BEGIN LISTED ENTRIES

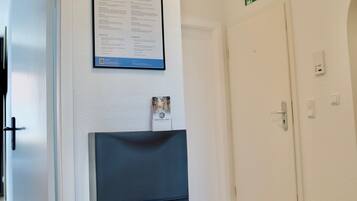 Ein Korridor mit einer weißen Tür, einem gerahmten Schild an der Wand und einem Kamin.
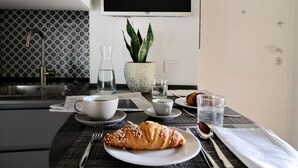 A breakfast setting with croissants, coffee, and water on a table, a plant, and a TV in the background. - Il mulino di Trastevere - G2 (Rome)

END LISTED ENTRIES
BEGIN LISTED ENTRIES

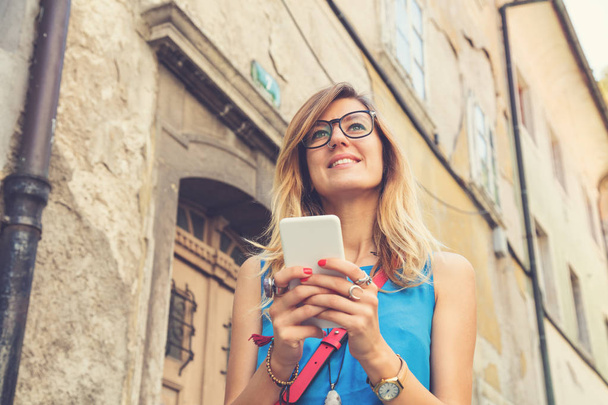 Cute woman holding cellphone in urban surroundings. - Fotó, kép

END LISTED ENTRIES

» HOW TO COMPLETE THIS TASK
In the listing above, find the line with "Ein Korridor mit" and the line with "A breakfast setting". Set down exactly those lines and everything between them, skipping pictures.

» OUTPUT OF THE EXERCISE
 Ein Korridor mit einer weißen Tür, einem gerahmten Schild an der Wand und einem Kamin.
 A breakfast setting with croissants, coffee, and water on a table, a plant, and a TV in the background. - Il mulino di Trastevere - G2 (Rome)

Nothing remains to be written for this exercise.